» Description of the task:
Repeat exactly the lines of the records below, starting at the line containing "score_8_up <lora:Taiki Dendro-000027:1>" and ending at the line containing "Alien Astronaut Scene Zip Up Canvas Bag". Leave the pictures out.

» Input records:
● ● ●

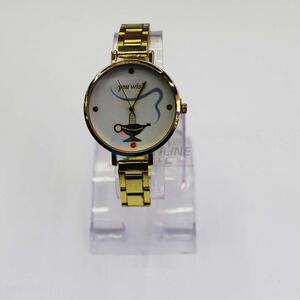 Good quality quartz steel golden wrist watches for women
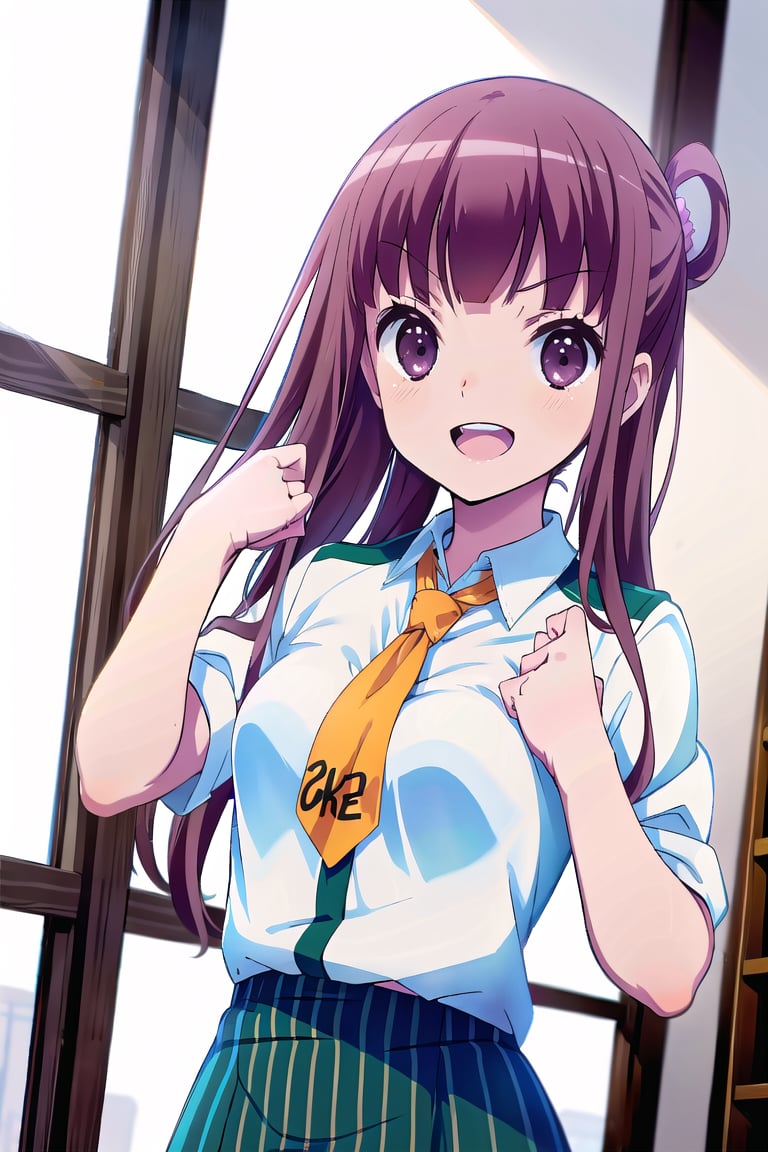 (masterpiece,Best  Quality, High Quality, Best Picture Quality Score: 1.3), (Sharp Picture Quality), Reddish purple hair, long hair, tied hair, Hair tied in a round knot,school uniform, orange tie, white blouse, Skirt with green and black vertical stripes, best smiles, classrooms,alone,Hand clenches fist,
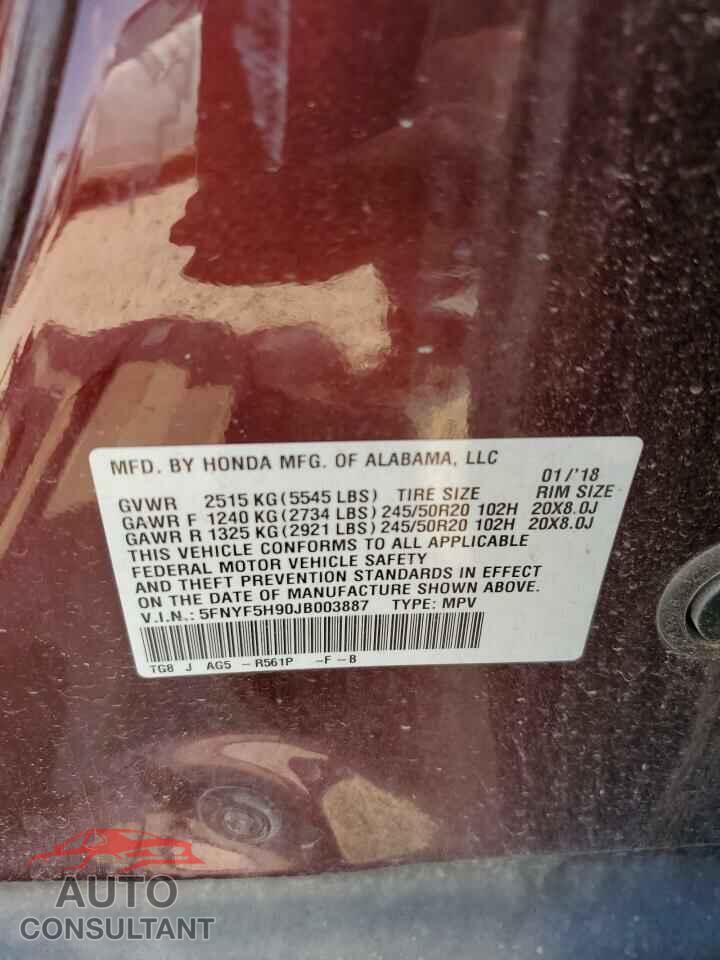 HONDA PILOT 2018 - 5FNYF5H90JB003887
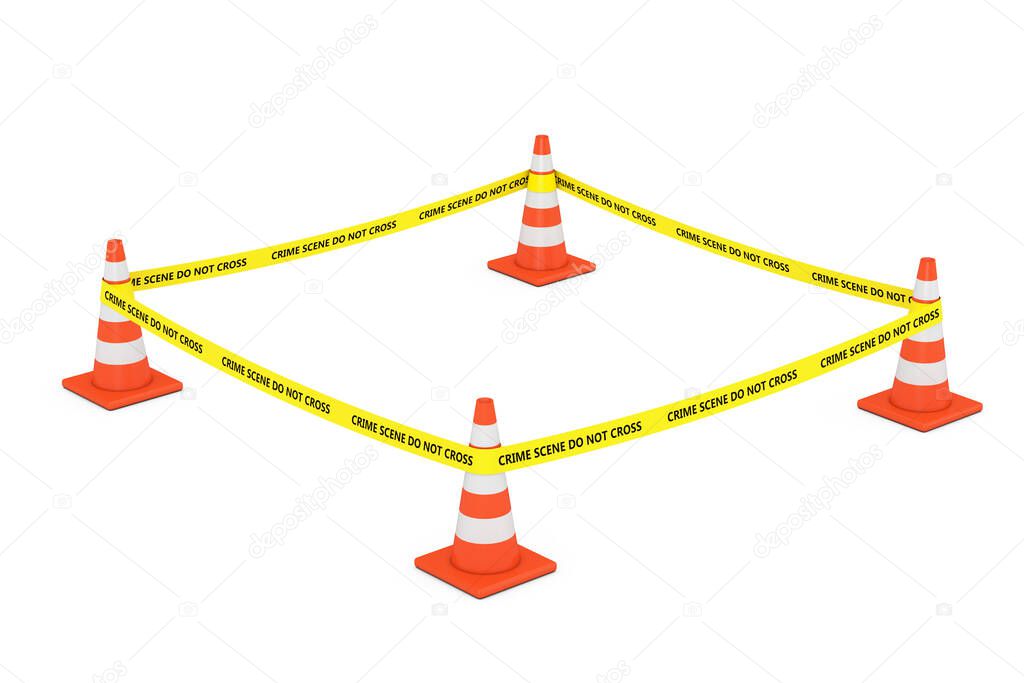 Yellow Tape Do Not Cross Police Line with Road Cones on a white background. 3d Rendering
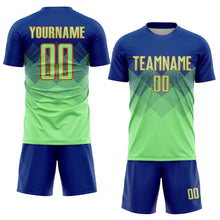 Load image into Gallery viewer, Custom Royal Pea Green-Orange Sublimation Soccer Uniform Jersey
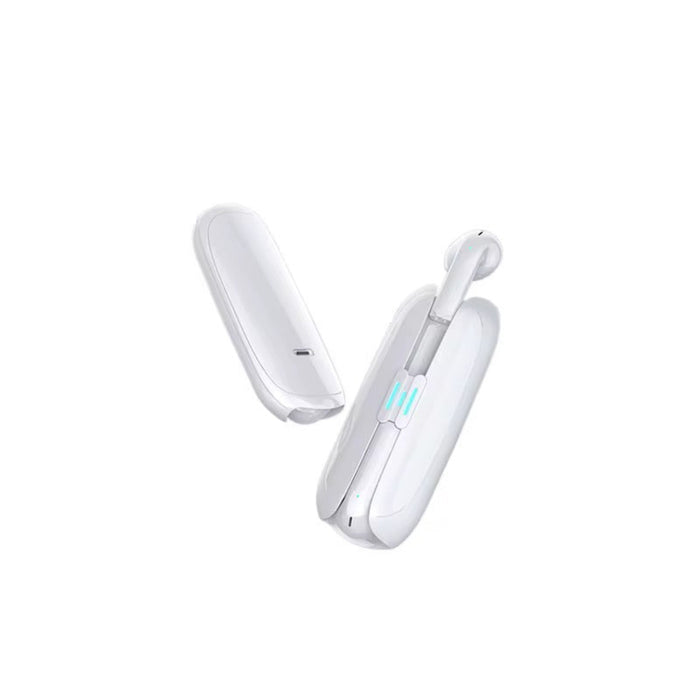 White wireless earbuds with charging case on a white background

● ● ●

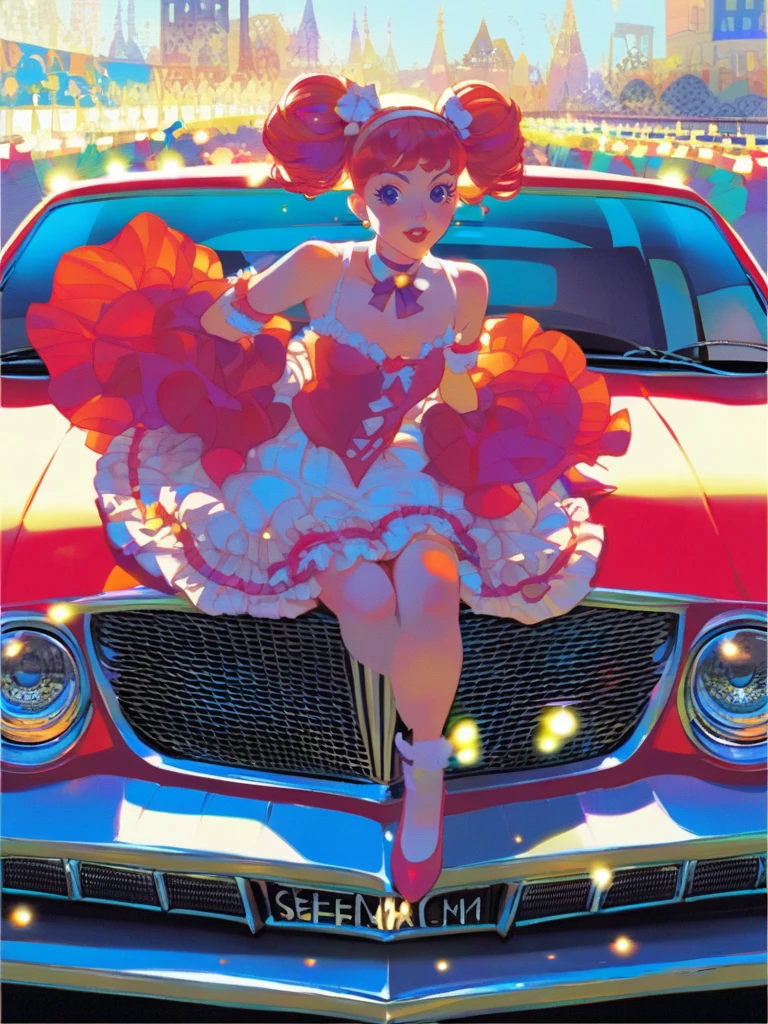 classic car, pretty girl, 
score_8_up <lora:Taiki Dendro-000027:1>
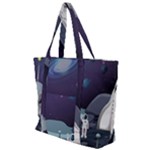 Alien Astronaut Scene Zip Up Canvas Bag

● ● ●

» Task solution:
score_8_up <lora:Taiki Dendro-000027:1>
 Alien Astronaut Scene Zip Up Canvas Bag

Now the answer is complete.